In the end, a big goal of this RFE is to allow programmers to make the compiler aware of control flow arcs they're already adding (or tempted to add) behind its back. It therefore wouldn't strike me as much of a limitation if "jumps to labels not explicitly passed to the asm are unsupported and may lead to undefined behavior."

Comment 12 Richard Biener 2009-05-13 09:58:15 UTC

I strongly oppose to making asm handling even more complex.

Comment 13 Andrew Pinski 2009-11-21 09:12:02 UTC

Reopening to ...

Comment 14 Andrew Pinski 2009-11-21 09:13:18 UTC

Mark this as fixed for 4.5:
http://gcc.gnu.org/onlinedocs/gcc/Extended-Asm.html#Extended%20asm%20with%20gotoAs of GCC version 4.5, asm goto may be used to have the assembly jump to one or more C labels. In this form, a fifth section after the clobber list contains a list of all C labels to which the assembly may jump. Each label operand is implicitly self-named. The asm is also assumed to fall through to the next statement.

This form of asm is restricted to not have outputs. This is due to a internal restriction in the compiler that control transfer instructions cannot have outputs. This restriction on asm goto may be lifted in some future version of the compiler. In the mean time, asm goto may include a memory clobber, and so leave outputs in memory.

     int frob(int x)
     {
       int y;
       asm goto ("frob %%r5, %1; jc %l[error]; mov (%2), %%r5"
                 : : "r"(x), "r"(&y) : "r5", "memory" : error);
       return y;
      error:
       return -1;
     }
In this (inefficient) example, the frob instruction sets the carry bit to indicate an error. The jc instruction detects this and branches to the error label. Finally, the output of the frob instruction (%r5) is stored into the memory for variable y, which is later read by the return statement.

     void doit(void)
     {
       int i = 0;
       asm goto ("mfsr %%r1, 123; jmp %%r1;"
                 ".pushsection doit_table;"
     	    ".long %l0, %l1, %l2, %l3;"
     	    ".popsection"
     	    : : : "r1" : label1, label2, label3, label4);
       __builtin_unreachable ();
     
      label1:
       f1();
       return;
      label2:
       f2();
       return;
      label3:
       i = 1;
      label4:
       f3(i);
     }
In this (also inefficient) example, the mfsr instruction reads an address from some out-of-band machine register, and the following jmp instruction branches to that address. The address read by the mfsr instruction is assumed to have been previously set via some application-specific mechanism to be one of the four values stored in the doit_table section. Finally, the asm is followed by a call to __builtin_unreachable to indicate that the asm does not in fact fall through.

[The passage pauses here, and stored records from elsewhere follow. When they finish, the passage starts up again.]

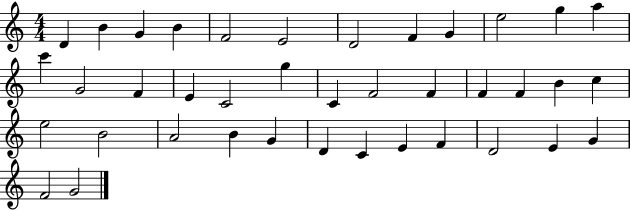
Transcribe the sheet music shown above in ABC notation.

X:1
T:Untitled
M:4/4
L:1/4
K:C
D B G B F2 E2 D2 F G e2 g a c' G2 F E C2 g C F2 F F F B c e2 B2 A2 B G D C E F D2 E G F2 G2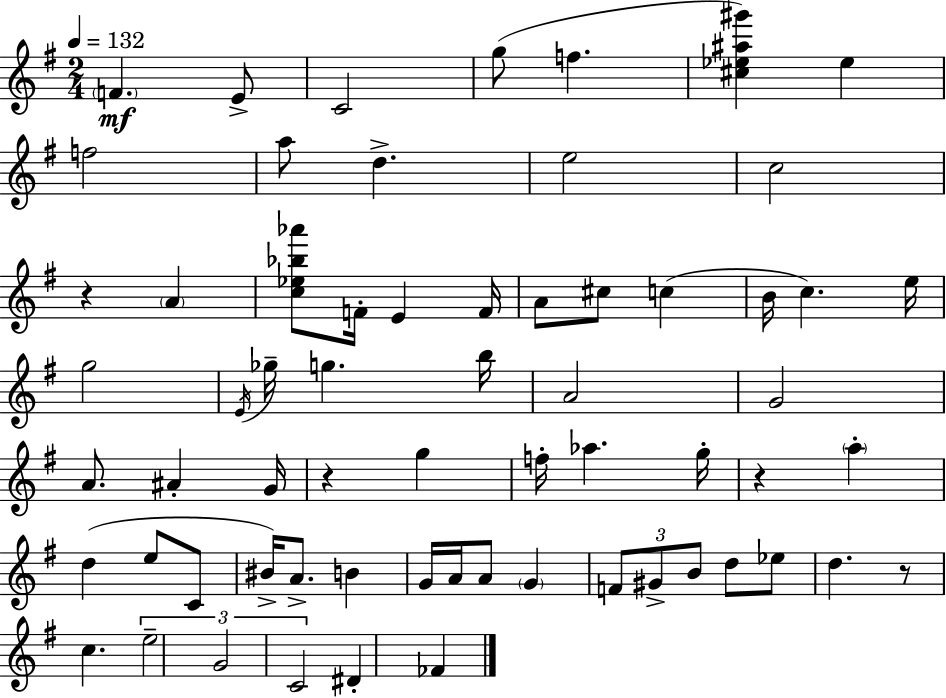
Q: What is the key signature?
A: E minor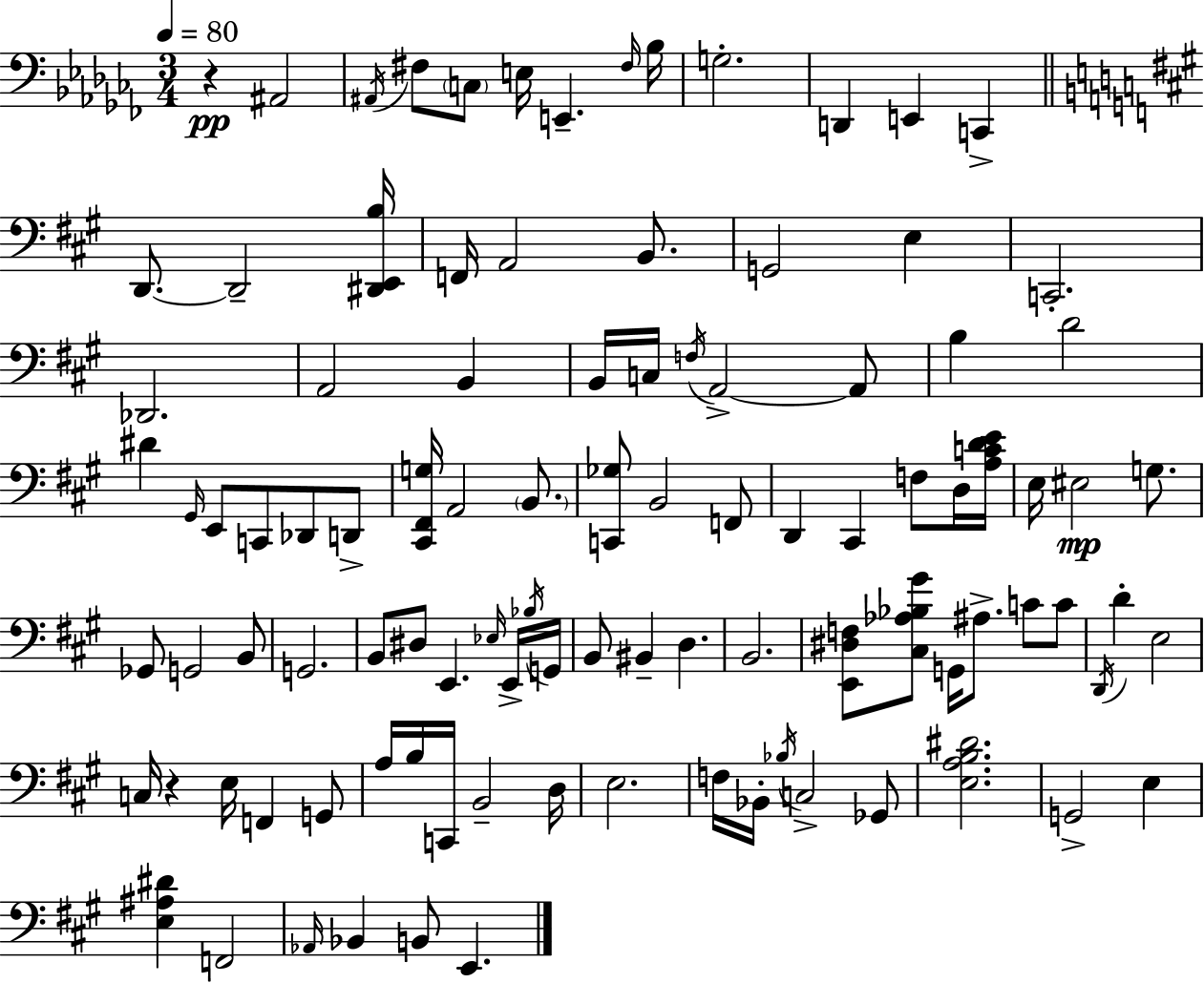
{
  \clef bass
  \numericTimeSignature
  \time 3/4
  \key aes \minor
  \tempo 4 = 80
  r4\pp ais,2 | \acciaccatura { ais,16 } fis8 \parenthesize c8 e16 e,4.-- | \grace { fis16 } bes16 g2.-. | d,4 e,4 c,4-> | \break \bar "||" \break \key a \major d,8.~~ d,2-- <dis, e, b>16 | f,16 a,2 b,8. | g,2 e4 | c,2.-. | \break des,2. | a,2 b,4 | b,16 c16 \acciaccatura { f16 } a,2->~~ a,8 | b4 d'2 | \break dis'4 \grace { gis,16 } e,8 c,8 des,8 | d,8-> <cis, fis, g>16 a,2 \parenthesize b,8. | <c, ges>8 b,2 | f,8 d,4 cis,4 f8 | \break d16 <a c' d' e'>16 e16 eis2\mp g8. | ges,8 g,2 | b,8 g,2. | b,8 dis8 e,4. | \break \grace { ees16 } e,16-> \acciaccatura { bes16 } g,16 b,8 bis,4-- d4. | b,2. | <e, dis f>8 <cis aes bes gis'>8 g,16 ais8.-> | c'8 c'8 \acciaccatura { d,16 } d'4-. e2 | \break c16 r4 e16 f,4 | g,8 a16 b16 c,16 b,2-- | d16 e2. | f16 bes,16-. \acciaccatura { bes16 } c2-> | \break ges,8 <e a b dis'>2. | g,2-> | e4 <e ais dis'>4 f,2 | \grace { aes,16 } bes,4 b,8 | \break e,4. \bar "|."
}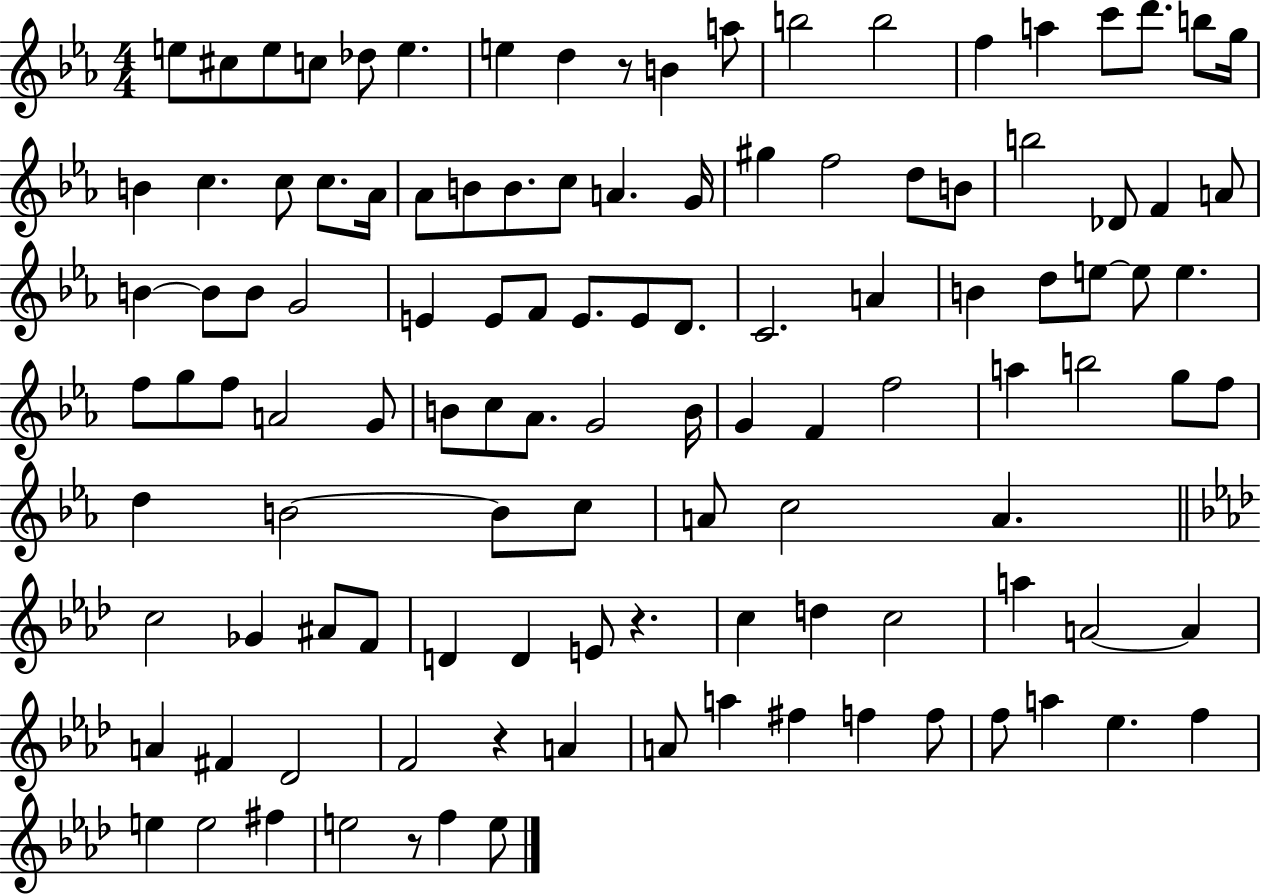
{
  \clef treble
  \numericTimeSignature
  \time 4/4
  \key ees \major
  \repeat volta 2 { e''8 cis''8 e''8 c''8 des''8 e''4. | e''4 d''4 r8 b'4 a''8 | b''2 b''2 | f''4 a''4 c'''8 d'''8. b''8 g''16 | \break b'4 c''4. c''8 c''8. aes'16 | aes'8 b'8 b'8. c''8 a'4. g'16 | gis''4 f''2 d''8 b'8 | b''2 des'8 f'4 a'8 | \break b'4~~ b'8 b'8 g'2 | e'4 e'8 f'8 e'8. e'8 d'8. | c'2. a'4 | b'4 d''8 e''8~~ e''8 e''4. | \break f''8 g''8 f''8 a'2 g'8 | b'8 c''8 aes'8. g'2 b'16 | g'4 f'4 f''2 | a''4 b''2 g''8 f''8 | \break d''4 b'2~~ b'8 c''8 | a'8 c''2 a'4. | \bar "||" \break \key aes \major c''2 ges'4 ais'8 f'8 | d'4 d'4 e'8 r4. | c''4 d''4 c''2 | a''4 a'2~~ a'4 | \break a'4 fis'4 des'2 | f'2 r4 a'4 | a'8 a''4 fis''4 f''4 f''8 | f''8 a''4 ees''4. f''4 | \break e''4 e''2 fis''4 | e''2 r8 f''4 e''8 | } \bar "|."
}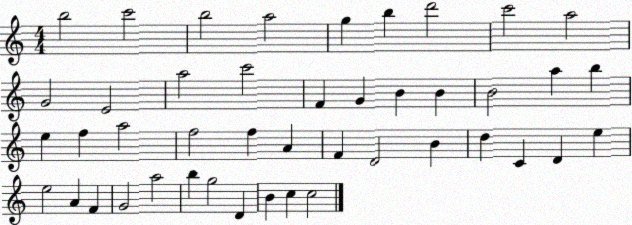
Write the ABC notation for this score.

X:1
T:Untitled
M:4/4
L:1/4
K:C
b2 c'2 b2 a2 g b d'2 c'2 a2 G2 E2 a2 c'2 F G B B B2 a b e f a2 f2 f A F D2 B d C D e e2 A F G2 a2 b g2 D B c c2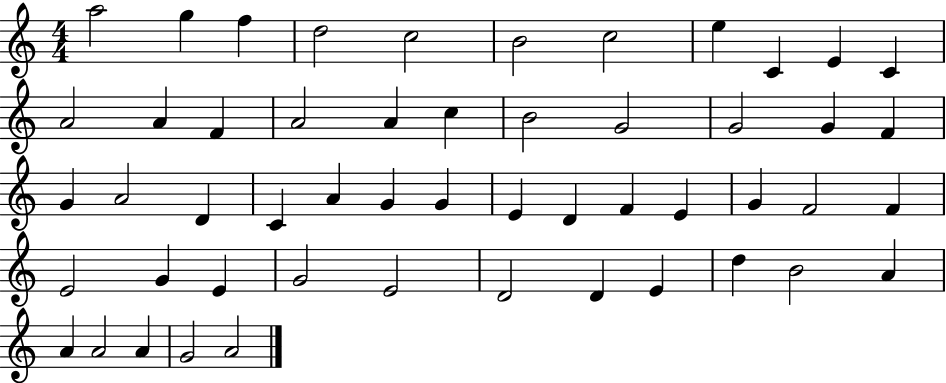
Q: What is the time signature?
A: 4/4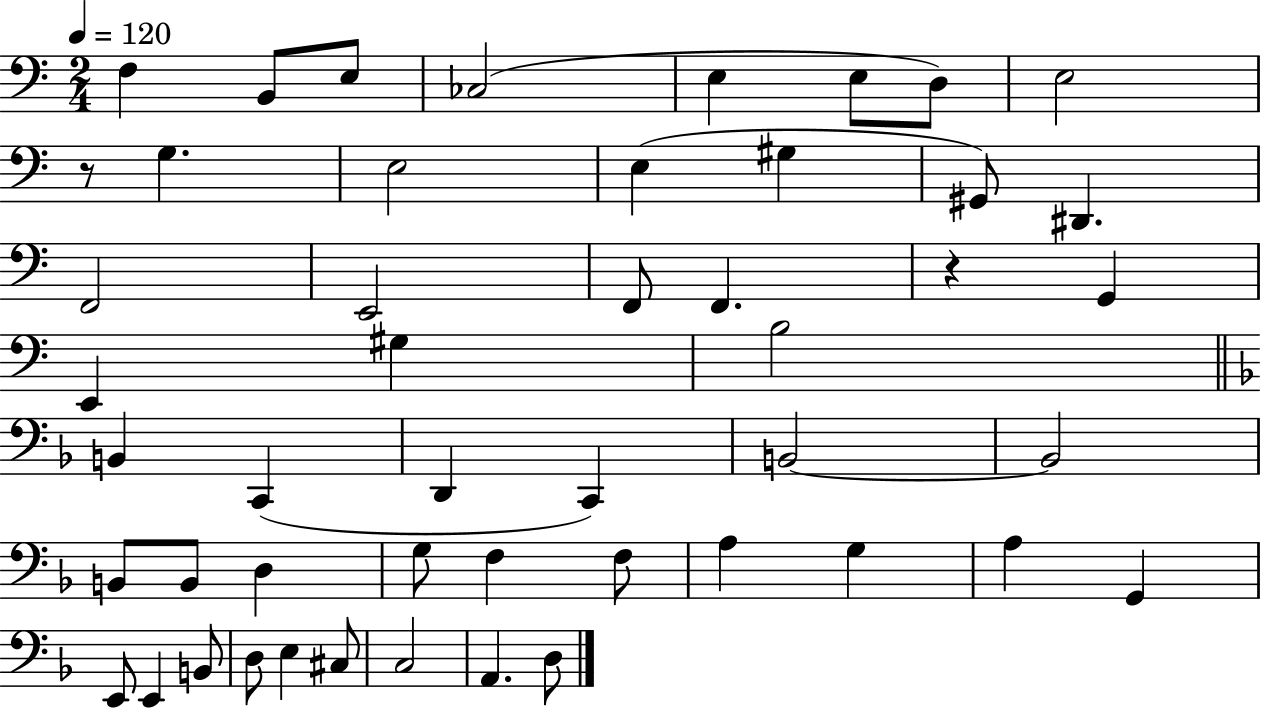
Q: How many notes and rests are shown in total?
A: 49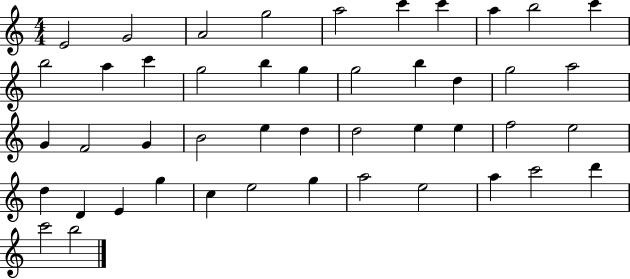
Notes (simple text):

E4/h G4/h A4/h G5/h A5/h C6/q C6/q A5/q B5/h C6/q B5/h A5/q C6/q G5/h B5/q G5/q G5/h B5/q D5/q G5/h A5/h G4/q F4/h G4/q B4/h E5/q D5/q D5/h E5/q E5/q F5/h E5/h D5/q D4/q E4/q G5/q C5/q E5/h G5/q A5/h E5/h A5/q C6/h D6/q C6/h B5/h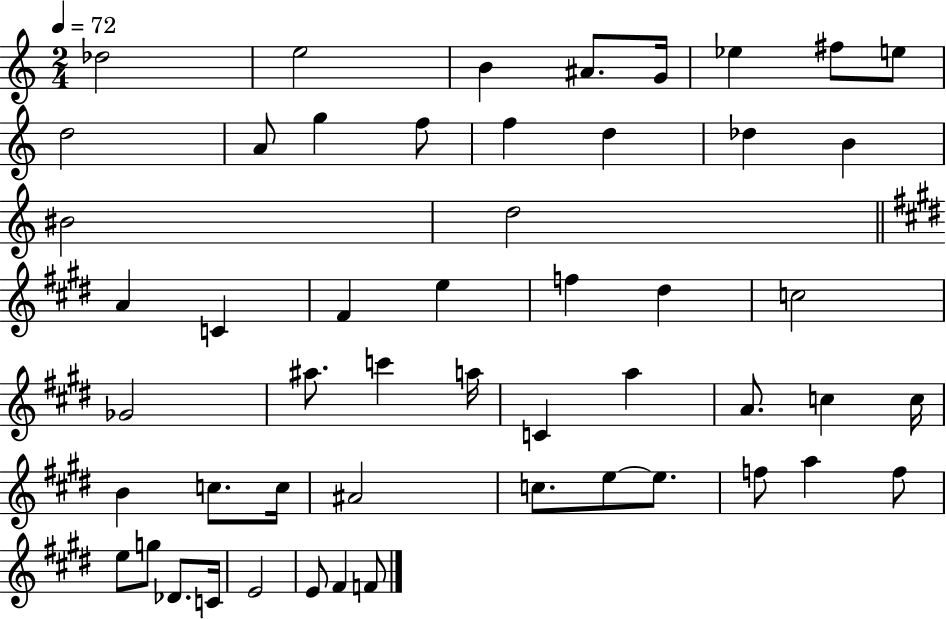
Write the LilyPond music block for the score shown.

{
  \clef treble
  \numericTimeSignature
  \time 2/4
  \key c \major
  \tempo 4 = 72
  \repeat volta 2 { des''2 | e''2 | b'4 ais'8. g'16 | ees''4 fis''8 e''8 | \break d''2 | a'8 g''4 f''8 | f''4 d''4 | des''4 b'4 | \break bis'2 | d''2 | \bar "||" \break \key e \major a'4 c'4 | fis'4 e''4 | f''4 dis''4 | c''2 | \break ges'2 | ais''8. c'''4 a''16 | c'4 a''4 | a'8. c''4 c''16 | \break b'4 c''8. c''16 | ais'2 | c''8. e''8~~ e''8. | f''8 a''4 f''8 | \break e''8 g''8 des'8. c'16 | e'2 | e'8 fis'4 f'8 | } \bar "|."
}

     #define TRACE1(NUM)                         \
       do {                                      \
         asm goto ("0: nop;"                     \
                   ".pushsection trace_table;"   \
                   ".long 0b, %l0;"              \
                   ".popsection"                 \
                   : : : : trace#NUM);           \
         if (0) { trace#NUM: trace(); }          \
       } while (0)
     #define TRACE  TRACE1(__COUNTER__)
In this example (which in fact inspired the asm goto feature) we want on rare occasions to call the trace function; on other occasions we'd like to keep the overhead to the absolute minimum. The normal code path consists of a single nop instruction. However, we record the address of this nop together with the address of a label that calls the trace function. This allows the nop instruction to be patched at runtime to be an unconditional branch to the stored label. It is assumed that an optimizing compiler will move the labeled block out of line, to optimize the fall through path from the asm.